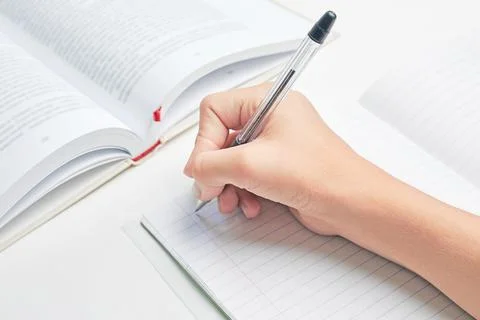 Schoolgirl is going to write in a notebook. homework solution Stock Photos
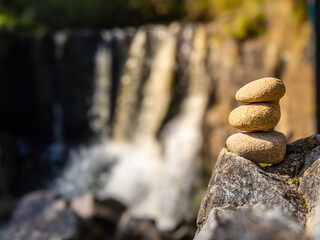 Balanced stones in front of Tullydermot Falls in County Cavan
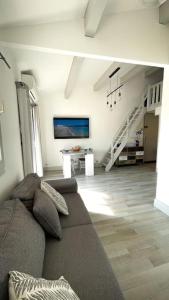 a living room with a couch and a staircase at Bel appartement 300m plage Nartelle in Sainte-Maxime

Problem description >> Output the data exactly. Pictures don't belong in the result.

Response area >>
 Schoolgirl is going to write in a notebook. homework solution Stock Photos
 Balanced stones in front of Tullydermot Falls in County Cavan
 a living room with a couch and a staircase at Bel appartement 300m plage Nartelle in Sainte-Maxime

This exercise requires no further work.